Without the images, write out the whole listing exactly.

Dataset section:
________

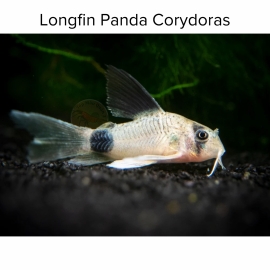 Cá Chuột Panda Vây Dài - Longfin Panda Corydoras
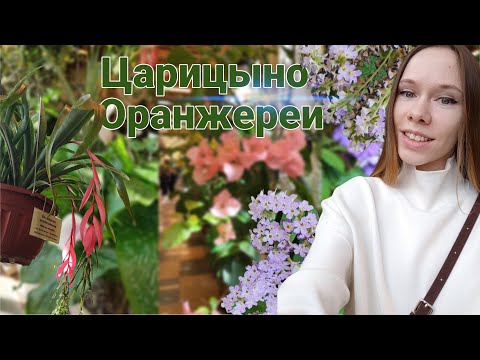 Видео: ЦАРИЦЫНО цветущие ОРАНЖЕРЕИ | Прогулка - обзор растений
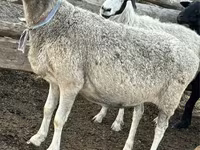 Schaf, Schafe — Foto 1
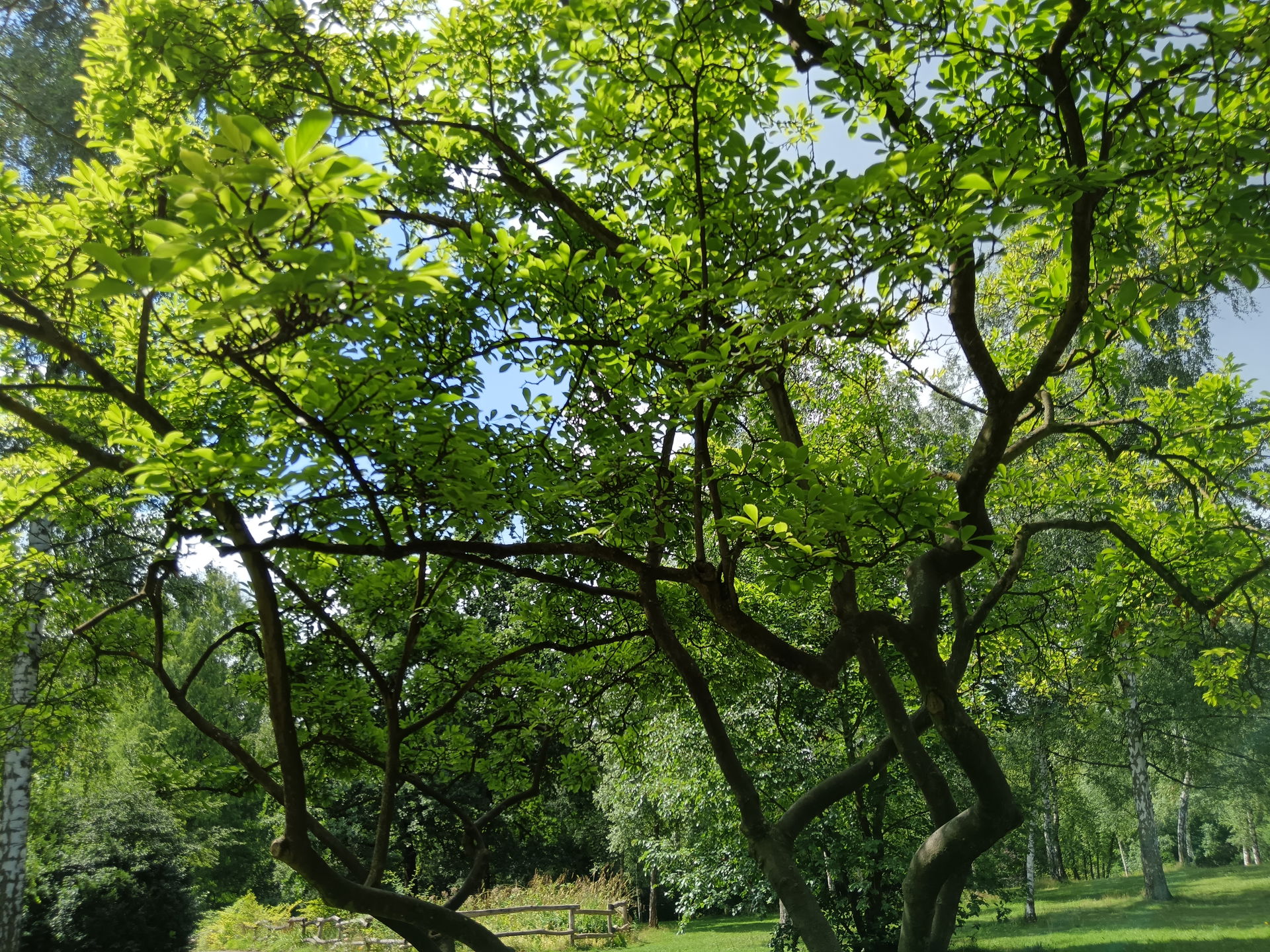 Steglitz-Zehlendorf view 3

________

Answer to this task:
 Cá Chuột Panda Vây Dài - Longfin Panda Corydoras
 Видео: ЦАРИЦЫНО цветущие ОРАНЖЕРЕИ | Прогулка - обзор растений
 Schaf, Schafe — Foto 1
 Steglitz-Zehlendorf view 3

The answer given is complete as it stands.